Was the Atkins Diet On To Something?

A low-carb diet produces the greatest improvement in metabolism, according to a new study by Harvard Med School profs.

atkins dietDiet image via Shutterstock.

The Atkins fad has come and gone. Although the popularity of the controversial diet surged in the early 2000s, the low-carb craze that it created has all but subsided. In the health and fitness world, Dr. Atkins has joined the ranks of once-famous weight loss personalities like Jenny Craig and Jared from Subway. However, Dr. Atkins might have been onto something with his meat-and-cheese mantra, according to a new study published last week in the Journal of the American Medical Association.

The study, conducted by two professors from Harvard Medical School, found that a low-carb diet produced the greatest improvement in metabolism among adults who had recently slimmed down, compared with a low-fat or a low-glycemic index diet.

The study followed 21 adult participants, ages 18 to 40, who had recently lost 10 to 15 percent of their body weight. After their weight stabilized, the participants completed all three diets—low-carb, low-fat, and low-glycemix index—in random order, following each diet for four weeks at a time.

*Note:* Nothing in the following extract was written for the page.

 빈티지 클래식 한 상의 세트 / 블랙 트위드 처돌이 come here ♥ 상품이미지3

Each of the diets fell within the normal healthy range from 10 to 35 percent of daily calories from protein. The low-carb diet comprised of 10 percent of daily calories from carbohydrates, 60 percent from fat and 30 percent from protein. The low-fat diet reduced dietary fats to 20 percent of daily calorie intake, and emphasized whole grain products and a variety of fruits and vegetables. The low-glycemic index diet was made up of minimally processed grains, a variety of fruits and vegetables, and healthy fats, with 40 percent of daily calories from carbs, 40 percent from fat, and 20 percent from protein.

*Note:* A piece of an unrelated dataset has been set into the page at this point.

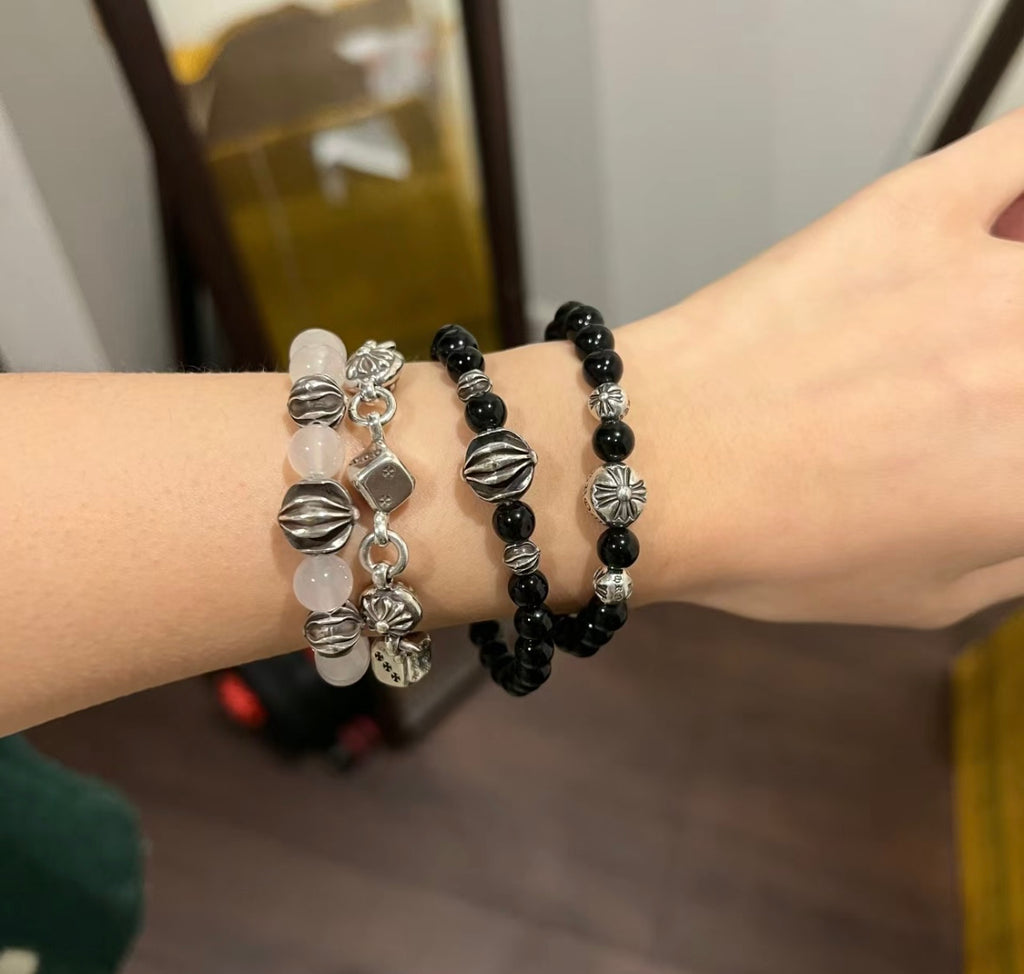 Chrome Hearts Dice and Cross Station Bracelet - album image 9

The study found that diets that reduced the surge in blood sugar after a meal—either low-carb or low-glycemic index—yielded the greatest metabolic benefits. Participants experienced the greatest improvement in their metabolism while following the low-carb diet. They also experienced a gain while following the low-glycemic index diet.

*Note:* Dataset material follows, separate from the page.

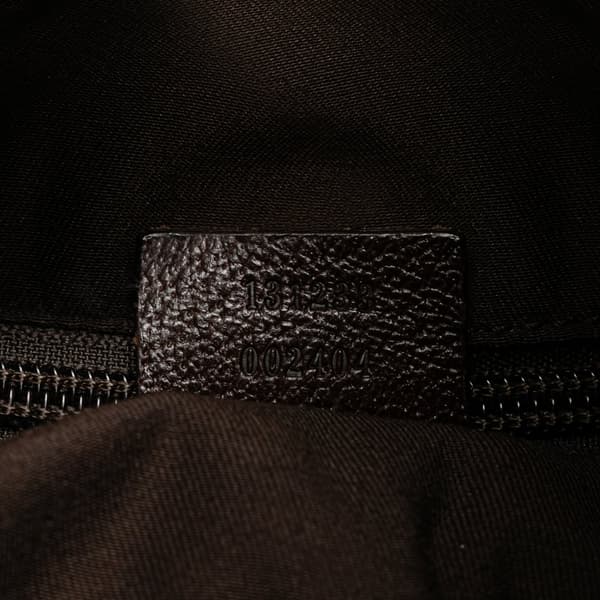 Pre-owned Gucci GG Canvas Web Tote Brown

However, “total calories burned plummeted by 300 calories on the low-fat diet compared to the low-carb diet,” one professor told The Harvard Gazette. That’s equal to “the number of calories typically burned in an hour of moderate-intensity physical activity.”

It looks like Dr. Atkins was right all along when he claimed that his diet produced a metabolic advantage. However, don’t expect medical experts to suddenly start recommending Atkins’s New Diet Revolution anytime soon.

The study found that a low-glycemic index diet produced similar metabolic benefits to a low-carb diet, without the negative effects of stress and inflammation that were seen by participants consuming a low-carb diet. And because it doesn’t restrict entire groups of food, it’s likely easier to follow on a day-to-day basis, another professor told The Gazette.

As far as long-term weight loss is concerned, it seems there are no new secrets. A balanced diet that includes food from all of the main groups is the surest way to shed pounds—and to keep them off, for good.